Inside America’s Auschwitz

A première vue, le « Mur d’honneur » du musée de l’esclavage Whitney Plantation en Louisiane – une série de pierres de granit gravées des noms de centaines d’esclaves qui y ont vécu, travaillé et sont morts – évoque n’importe quel mémorial de l’Holocauste. Mais comme l’a fait remarquer le futur maire de la Nouvelle-Orléans lors de l’inauguration du musée en 2008, ce site est différent ; c’est l’Auschwitz de l’Amérique.

« Entrez », a déclaré Mitch Landrieu à la foule, selon le New York Times. « Vous devez entrer à l’intérieur. Quand vous marchez dans cet espace, vous ne pouvez pas nier ce qui est arrivé à ces gens. Vous pouvez le ressentir, le toucher, le sentir. »

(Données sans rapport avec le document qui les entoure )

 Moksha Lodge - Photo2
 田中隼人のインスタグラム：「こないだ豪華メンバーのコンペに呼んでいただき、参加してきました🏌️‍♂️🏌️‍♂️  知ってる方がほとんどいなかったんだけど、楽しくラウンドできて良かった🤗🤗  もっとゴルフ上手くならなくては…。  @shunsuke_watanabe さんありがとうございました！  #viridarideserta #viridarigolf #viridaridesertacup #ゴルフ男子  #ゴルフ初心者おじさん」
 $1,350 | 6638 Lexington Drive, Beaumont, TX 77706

L’ancienne exploitation d’indigo, de sucre et de coton, qui a finalement ouvert au public après des années de restauration minutieuse en décembre 2014 en tant que premier musée des esclaves du pays, est un avatar moderne de l’injustice. Niché à l’écart de l’historique River Road qui longe le lent et paresseux méandre du Mississippi, le domaine a été construit à la fin des années 1700 par l’entrepreneur Jean Jacques Haydel sur un terrain acheté par son père Ambroise, un immigrant allemand. C’est le jeune Haydel qui a agrandi le domaine et fait de la plantation un acteur clé du commerce du sucre en Louisiane, délaissant les marchés moins rentables de l’indigo. Quelques années après la guerre civile, un Nordiste du nom de Bradish Johnson a acheté la propriété et lui a donné le nom de son petit-fils Harry Whitney.

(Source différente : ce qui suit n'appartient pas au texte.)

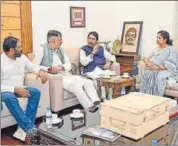  ?? ANI ?? INDIA alliance leaders Ghulam Ahmad Mir, Rajesh Thakur and Vinod Pandey meet with Kalpana Soren in Ranchi on Sunday.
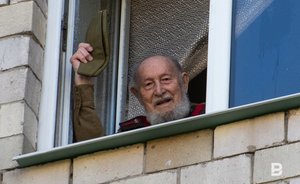 В Казани проходит акция «Парад у дома ветерана»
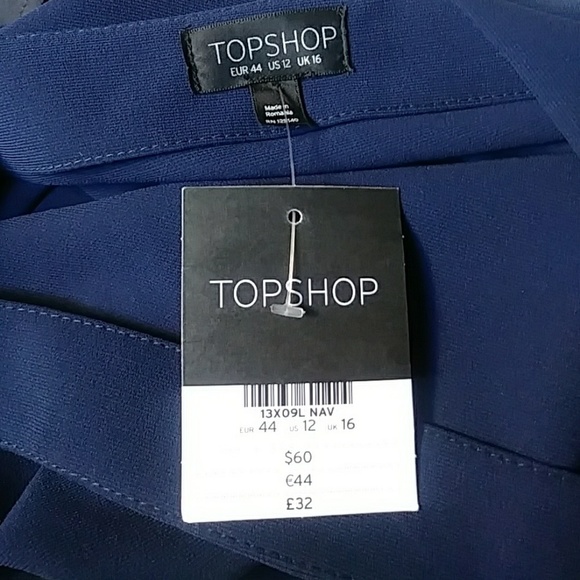 TOPSHOP coldshoulder NWT top navy blue [0066]… - Picture 4 of 7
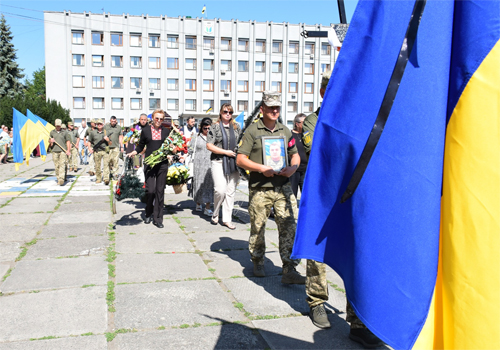 У Шепетівці попрощалися із Захисником України Сергієм Бочаровим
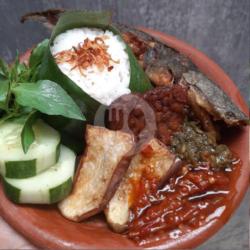 Nasi Sambal Lele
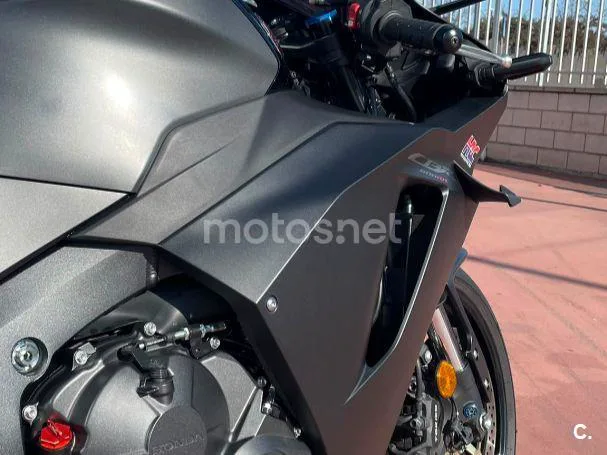 Honda CBR600RR - Vista 8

La propriété restaurée, un mélange de structures originales et de répliques, comprend une maison de surveillant, des répliques de cabanes d’esclaves – des scènes de Django Unchained ont été tournées juste à côté – et une forge, entre autres bâtiments. Même lorsqu’il est presque désert, on a l’impression que l’endroit pourrait s’animer à tout moment lorsque les esclaves reviennent des champs de canne à sucre adjacents. L’effort de restauration, qui a duré 15 ans, a été soutenu par John Cummings, avocat local et magnat de l’immobilier qui a acheté le terrain à une société pétrochimique et a investi 8 millions de dollars de son propre argent dans la restauration de la propriété et le développement du musée – apparemment en raison de son propre sentiment de culpabilité envers les horreurs de l’esclavage, selon le Times.  » Quand vous partirez d’ici « , a-t-il déclaré au New Orleans Advocate,  » vous ne serez pas la même personne que celle qui est entrée. »

cabine d'esclave
Plantation Whitney, cabine d’esclave (Elsa Hahne)

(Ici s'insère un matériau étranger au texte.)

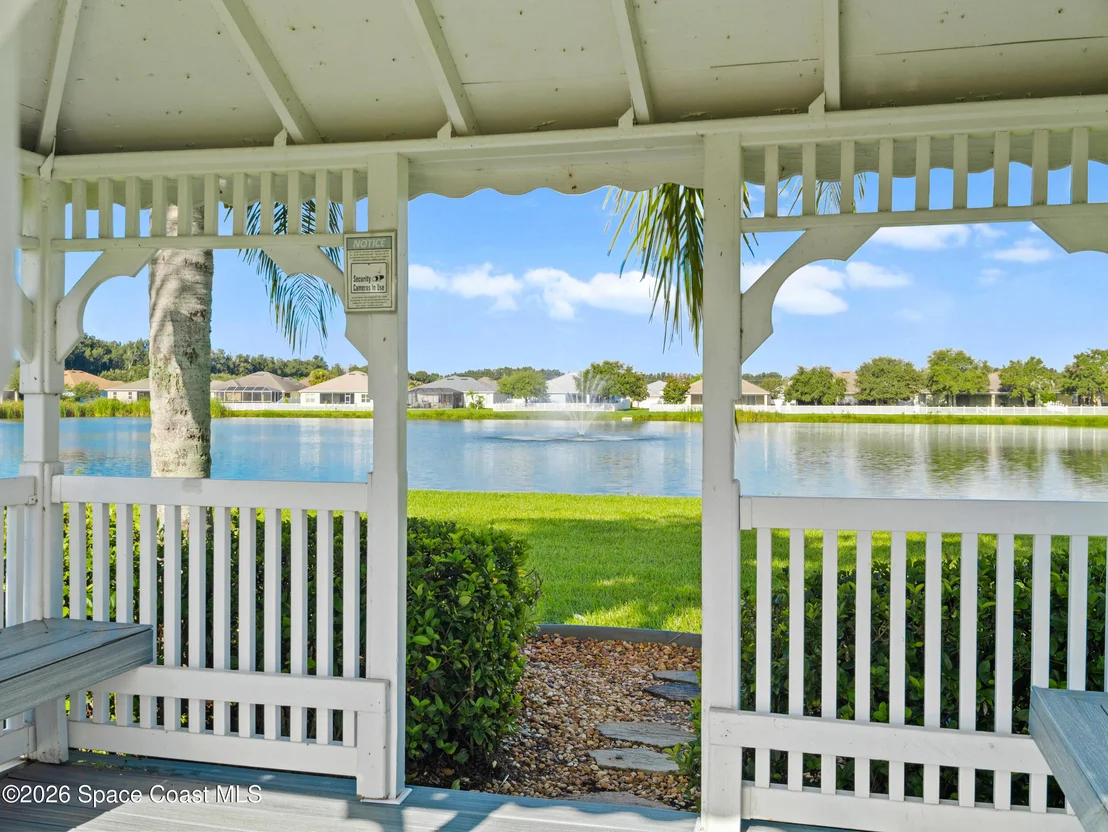 Photo of 1401 Bridgeport Circle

C’est la clé qui explique comment la Plantation Whitney dévoile la sinistre histoire de la plus grande honte de l’Amérique, un récit trop souvent masqué par une approche préservationniste de l’histoire des plantations qui a collé un papier peint romantique « Autant en emporte le vent » sur l’effroyable réalité de l’esclavage.

« Souvent, les expositions sur les plantations ont été établies pour ceux qui ont vécu l’ère des droits civiques et aspirent à une époque moins compliquée », explique Ashley Rogers, directeur des opérations du musée. « Et c’est une chose facile à accomplir quand vous avez une visite guidée « chandelier ». Alors qu’auparavant, dans les plantations, l’accent était mis sur la maison et la culture de la gentilité du Sud, les choses changent. »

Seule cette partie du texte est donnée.